À l’occasion de la sortie du roman de Laurent Gounelle qui explore la question de l’hyperconnexion, retour sur notre propre rapport aux téléphones et aux écrans.
Dans son nouveau roman, sorti en librairie le 2 mai, Laurent Gounelle nous emmène dans le monde de demain. Scindé par la mer, ce pays dystopique est composé de deux sociétés rivales : l’une vivant dans la nature, l’autre hyperconnectée. Choix des tenues en fonction de la météo, plats équilibrés selon des normes diététiques, partenaires adaptés à leur notation citoyenne… Tout est décidé par un algorithme chez les Réguliers.
D’ailleurs, dans cette cité au taux de sécurité hors norme, pas besoin de travailler : les machines sont tellement plus efficaces que les humains en tant qu’employés ! Toutefois, quelque chose chiffonne : tous ces gens enfermés chez eux derrière leurs écrans sont-ils vraiment heureux ? À travers ce récit où s’entrelacent romance et thriller, Laurent Gounelle explore les limites de l’hyperconnexion à partir de problèmes auxquels nous sommes d’ores et déjà confrontés. L’occasion de revenir sur les failles de notre propre société hyperconnectée.
À qui appartiennent nos émotions ?
Dans son roman, Laurent Gounelle aborde plusieurs thématiques, mais l’une des plus centrales selon lui est la notion de liberté. Tout au long du récit, il explore cette fine frontière entre confort nécessaire et sacrifice de liberté. Dans un autre style, plus trash et rentre dedans, Alain Damasio aborde ces mêmes sujets dans Vallée du silicium (Seuil). Pour lui, la prolifération des intelligences artificielles, les métavers, les voitures autonomes ou encore l’hybridation des corps humains participent amplement à l’annihilation des libertés individuelles au profit de logiques sécuritaires.
Par ailleurs, l’hyperconnexion nous éloignerait de notre corps en tant que source émotionnelle, le poussant à être une simple machine performante. « Le corps est conçu et vécu comme une machine. La nourriture est énergie. Le sport est une hygiène. Le cerveau s’optimise. Le bien-être s’algorithme », explique-t-il dans un entretien accordé au magazine Reporterre.

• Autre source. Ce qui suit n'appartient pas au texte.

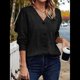 thumbnail image 4 of Camisetas de Larga para Mujer, Blusas Tipo Túnica con Cuello en V, Elegantes, Informales, Acanaladas, Holgadas y Cómodas, para . Negro XL, 4 of 7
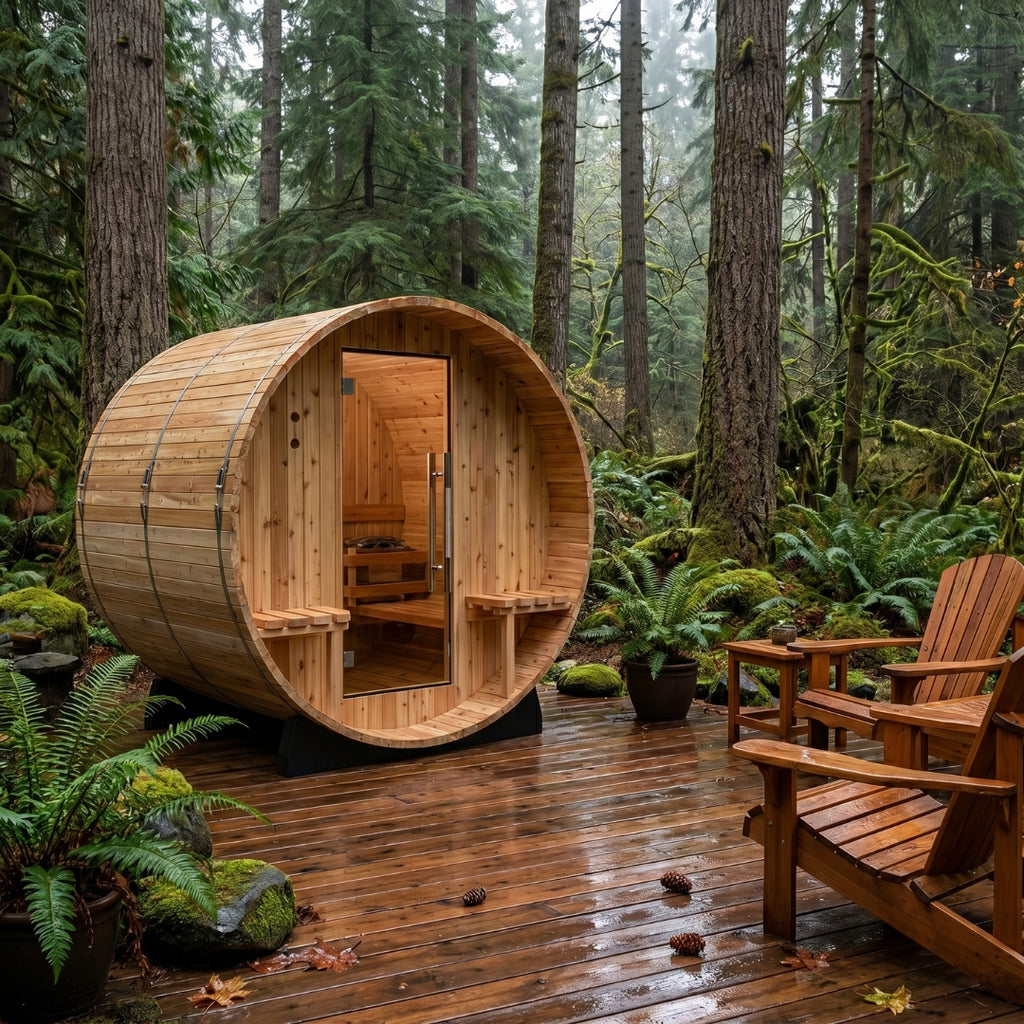 4-Person Cedar Barrel Sauna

Cet éloignement du « corps émotionnel », les sœurs Lesage le traitent à travers le prisme du couple. Sous la forme d’un roman graphique intitulé Fuck, où est passé mon couple ? (Solar), elles mènent un récit d’enquête sur l’amour à l’heure de l’hyperconnexion en passant au crible les relations amoureuses. De notre addiction à Netflix à l’omniprésence des réseaux sociaux, elles traitent la question avec humour et sans complexe.
Sous surveillance
Mais la fiction n’est pas la seule à parler de l’hyperconnexion. Président d’Arte GEIE, Bruno Patino poursuit son analyse sur les effets néfastes des écrans et des nouvelles technologies dans Tempête dans un bocal : la civilisation du poisson rouge (Grasset). Parmi les conséquences de l’omniprésence des réseaux dans notre vie, il distingue plusieurs pathologies, dont l’athazagoraphobie. À l’origine phobie d’être oublié ou ignoré, l’athazagoraphobie est amplifiée par l’hyperconnexion. Il s’agit d’une sorte d’angoisse qui se manifeste quand un message ou une réaction postés sur les réseaux ne réunissent pas autant d’adhésion qu’espéré. L’usager qui perçoit aussi son existence à travers sa « patte numérique » peut alors ressentir une forme de négation de son existence, entraînant souvent des états prédépressifs. Mais cette pathologie n’est pas la seule. Les téléphones et plus largement les écrans ont aussi développé la nomophobie (angoisse excessive à l’idée d’être séparé de son portable) ou encore le dédoublement de personnalité.
Prise de distance et autre point de vue. Dans son essai paru chez Zulma, L’Âge du capitalisme de surveillance, la chercheuse Shoshana Zuboff élargit son regard pour nous montrer les conséquences indirectes de l’hyperconnexion. Selon elle, notre téléphone serait devenu en une vingtaine d’années un appareil-espion qui permettrait de maîtriser les populations. Pour s’expliquer, la professeure émérite à la Harvard Business School s’appuie sur de nombreuses recherches, dont une étude réalisée par l’université Carnegie Mellon.
Sur une période de trois semaines, 23 participants ont été informés en continu du nombre d’applis qui accédaient à leurs données de géolocalisation et du nombre total d’accès dans une période donnée. En deux semaines, leurs données de géolocalisation avaient été consultées entre 5 398 et 356 fois par des entreprises pour alimenter des publicitaires, des assureurs, des détaillants ou n’importe quel annonceur prêt à payer le prix fort. Google est le pionnier dans ce domaine.